Impact Feature Issue on Self-Determination and Supported Decision-Making for People with Intellectual, Developmental, and Other Disabilities

The Future of Self-Determination: Four Visions


John Smith is a Coordinator at the Institute on Community Integration, University of Minnesota, Minneapolis. He may be reached at smith144@umn.edu.

Sue Swenson is President of Inclusion International, and lives in Bethesda, Maryland. She may be reached at sue.swenson@gmail.com.

John Tschida is Acting Executive Director, Association of University Centers on Disabilities, Washington, DC, and a former Director of the National Institute on Disability, Independent Living, and Rehabilitation Research. He may be reached at jtschida@aucd.org.
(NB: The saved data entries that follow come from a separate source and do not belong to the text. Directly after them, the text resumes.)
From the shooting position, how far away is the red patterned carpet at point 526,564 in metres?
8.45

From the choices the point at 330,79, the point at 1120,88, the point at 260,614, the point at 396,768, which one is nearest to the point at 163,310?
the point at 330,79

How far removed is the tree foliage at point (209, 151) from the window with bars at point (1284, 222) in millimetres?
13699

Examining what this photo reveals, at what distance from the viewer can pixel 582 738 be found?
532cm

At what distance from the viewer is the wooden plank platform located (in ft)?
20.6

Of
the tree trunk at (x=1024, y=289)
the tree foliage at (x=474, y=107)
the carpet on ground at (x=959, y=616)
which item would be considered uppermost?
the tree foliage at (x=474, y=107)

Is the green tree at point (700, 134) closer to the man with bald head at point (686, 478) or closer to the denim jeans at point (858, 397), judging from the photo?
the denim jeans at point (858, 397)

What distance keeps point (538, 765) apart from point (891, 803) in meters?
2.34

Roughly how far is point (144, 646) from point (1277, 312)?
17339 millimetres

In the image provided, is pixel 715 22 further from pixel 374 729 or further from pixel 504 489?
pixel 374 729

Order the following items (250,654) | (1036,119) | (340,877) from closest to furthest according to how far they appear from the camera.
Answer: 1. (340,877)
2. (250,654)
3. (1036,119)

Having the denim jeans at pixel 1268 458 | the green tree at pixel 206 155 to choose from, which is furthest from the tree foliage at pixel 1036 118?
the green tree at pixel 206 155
Jeanine Zlockie is Director of Special Projects at the National Association of State Directors of Developmental Disabilities Services, Alexandria, Virginia. She may be reached at jzlockie@nasddds.org.

For the past 30 years the principle of self-determination has had a growing emphasis in the services, policies, and societal expectations that impact the lives of individuals with intellectual and developmental disabilities (IDD). We asked four individuals who’ve been deeply engaged with advocacy for this principle during that time to share their personal perspectives on where we’ve been and where we’re going in this country when it comes to the exercise of self-determination by people with IDD. Here are their reflections.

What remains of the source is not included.